A vote on the proposal is expected Wednesday. If successful, the measure would postpone what was expected to be a major clash with the White House over government spending.
The new strategy, crafted at a three-day retreat here that
ended Friday, is one sign that Republicans, battered at the polls last November and saddled with low public approval, are looking for new ways to litigate their differences with President Obama and congressional Democrats over spending and deficits.
Under the bill, Republicans will seek to raise the debt limit to allow government borrowing through mid-April — long enough, they say, to give both chambers time to pass a budget for the next fiscal year. If either chamber failed to adopt a budget by April 15, that chamber’s members would then have their congressional pay withheld.
As laid out to fellow Republicans by House Speaker John A. Boehner (Ohio) in a speech at the retreat, the goal would be to force Senate Democrats to pass a budget, something they have failed to do for more than three years. With a budget in place, he told them, Republicans would require that a longer-term increase in the debt ceiling be tied to significant spending cuts.
“We are going to pursue strategies that will obligate the Senate to finally join the House in confronting the government’s spending problem,” he said, according to excerpts from the speech that were released Friday.
As for docking the Senate’s pay if it does not adopt a budget, he said, “the principle is simple: No budget, no pay.”
The GOP’s new path is an attempt to acknowledge the reality that the party controls only the House while preserving a tactical advantage that could force long-term reductions in spending, Rep.

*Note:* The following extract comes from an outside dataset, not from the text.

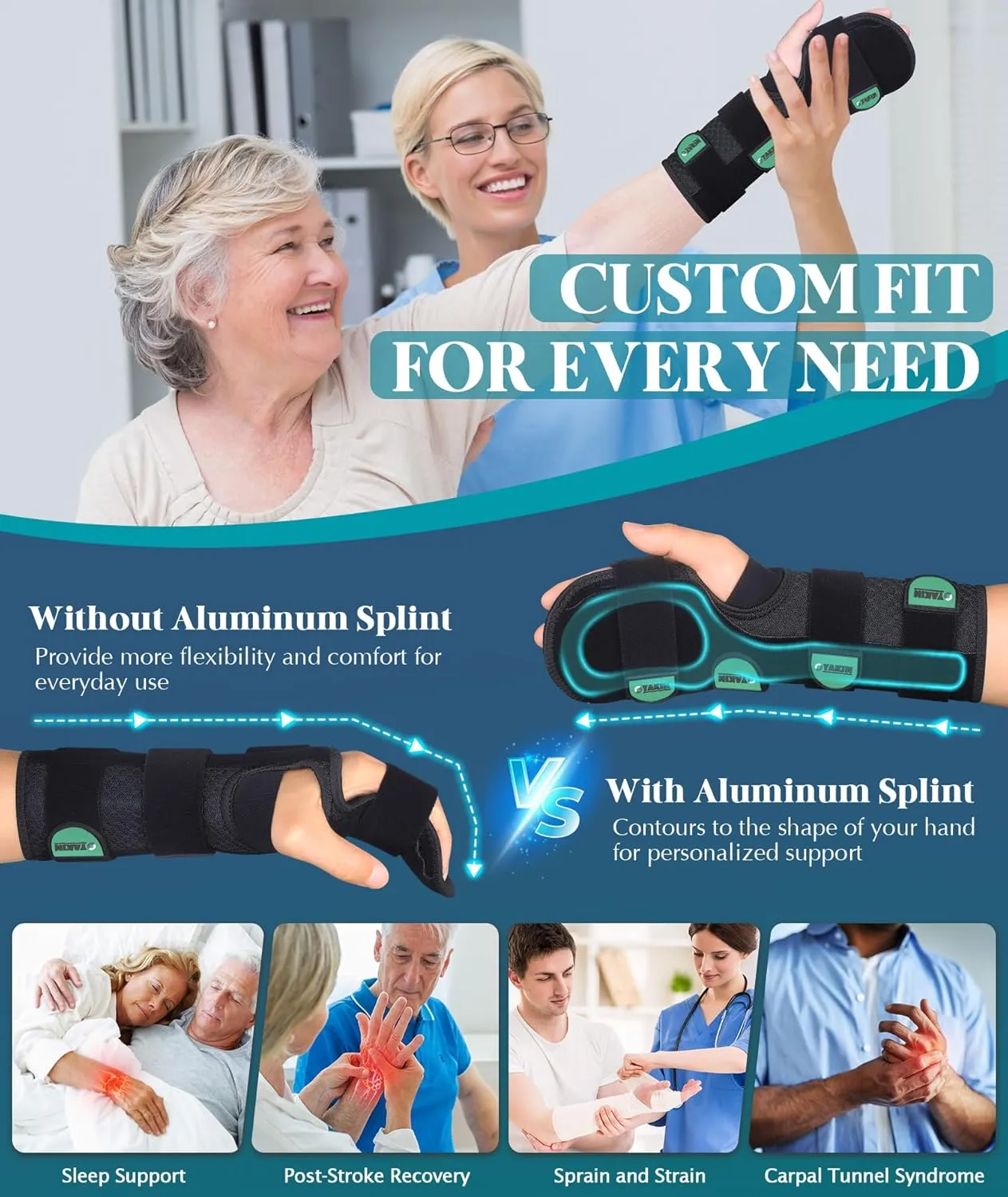 Resting Hand Splint for Stroke Recovery & Carpal Tunnel Relief - Night Immobilizer with Removable Splints, Finger Contractures, Arthritis & Tendonitis - Adjustable Wrist Support Brace for Men & Women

Paul Ryan of Wisconsin told reporters Thursday.
An administration official said the White House viewed the move as a major concession by House Republicans.
Though Obama has in the past insisted on increases of sufficient length to calm financial markets and remove any doubt about the ability of the U.S. government to pay its bills, the official said the president would accept a “clean” short-term extension that did not include cuts.
“We are encouraged that there are signs that Congressional Republicans may back off their insistence on holding our economy hostage to extract drastic cuts in Medicare, education and programs middle class families depend on,” White House press secretary Jay Carney said in a statement. “Congress must pay its bills and pass a clean debt limit increase without further delay.”
A spokesman for Senate Majority Leader Harry M. Reid (D-Nev.) said the Senate would “be happy to consider” an increase in the debt ceiling that arrives without conditions. He did not address, however, how the Senate would treat the House’s proposal to tie member pay to the passage of a budget.